Note that rules are applied to the end boundary of a segment when deciding
whether to include a segment. In some cases this can cause unexpected behavior.

For example, consider the text:

\verbatim
Hello! How
are you?
\endverbatim

Suppose we want to fetch all sentences from the text.

The \ref bl_boundary_sentence_rules "sentence rules" have two options:

- Split the text where sentence terminator like ".!?" are detected: \ref boost::locale::boundary::sentence_term "sentence_term"
- Split the text where sentence separators such as "line feed" are detected: \ref boost::locale::boundary::sentence_sep "sentence_sep"

Naturally to ignore sentence separators we would call \ref boost::locale::boundary::segment_index::rule(rule_type v) "segment_index::rule(rule_type v)"
with sentence_term parameter and then run the iterator.

\code
boost::locale::generator gen;
using namespace boost::locale::boundary;
std::string text=   "Hello!

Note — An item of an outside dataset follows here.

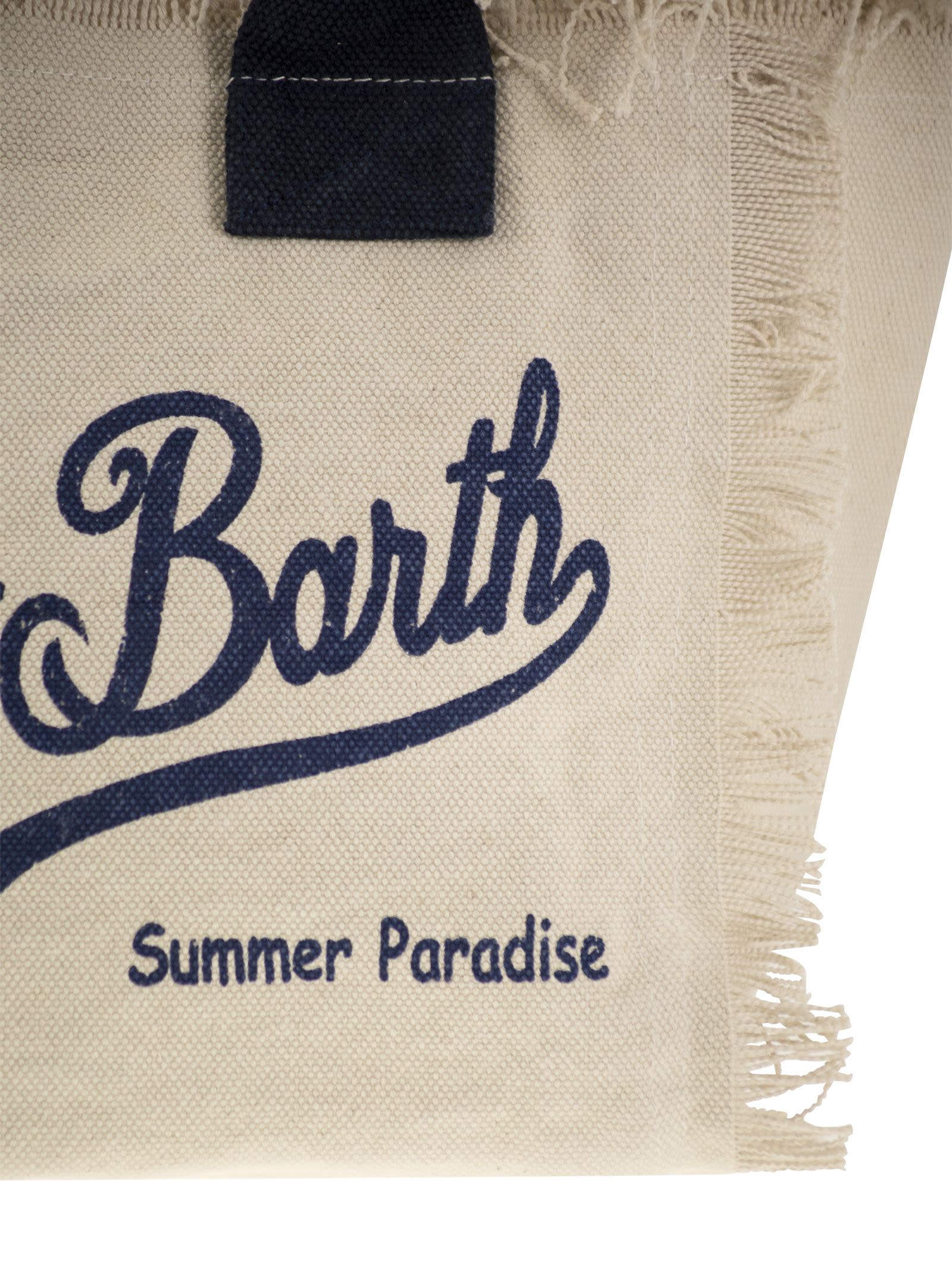 Shop Mc2 Saint Barth Colette - Fringed Canvas Bag In Cream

How\n"
                    "are you?\n";
ssegment_index map(sentence,text.begin(),text.end(),gen("en_US.UTF-8"));
map.rule(sentence_term);
for(ssegment_index::iterator it=map.begin(),e=map.end();it!=e;++it)
    std::cout << "Sentence [" << *it << "]" << std::endl;
\endcode

Would result in:
\verbatim
Sentence [Hello! ]
Sentence [are you?
]
\endverbatim

These (potentially unexpected) results occur because "How\n" is still considered
a sentence but is selected by a different rule.

This behavior can be changed by setting \ref boost::locale::boundary::segment_index::full_select(bool) "segment_index::full_select(bool)"
to \c true. It will force the iterator to join the current segment with all previous segments even if they do not fit the required rule.

So we add this line:

\code
map.full_select(true);
\endcode

Right after "map.rule(sentence_term);" and get expected output:

\verbatim
Sentence [Hello! ]
Sentence [How
are you?
]
\endverbatim

\subsection boundary_analysys_segments_search Locating Segments

Sometimes it is useful to find a segment that some specific iterator is pointing to.

For example, suppose we want to find the word a user clicked on.

\ref boost::locale::boundary::segment_index "segment_index" provides
\ref boost::locale::boundary::segment_index::find() "find(base_iterator p)"
member function for this purpose.

This function returns an iterator to the segment that includes \a p.

For example:

\code
text="to be or ";
ssegment_index map(word,text.begin(),text.end(),gen("en_US.UTF-8"));
ssegment_index::iterator  p = map.find(text.begin() + 4);
if(p!=map.end())
    std::cout << *p << std::endl;
\endcode

Would print:

\verbatim
be
\endverbatim

\note

If the iterator is inside a segment, that segment is returned. If the segment does
not fit the selection rules, then the next segment following the requested position
that does fit the rules will be returned.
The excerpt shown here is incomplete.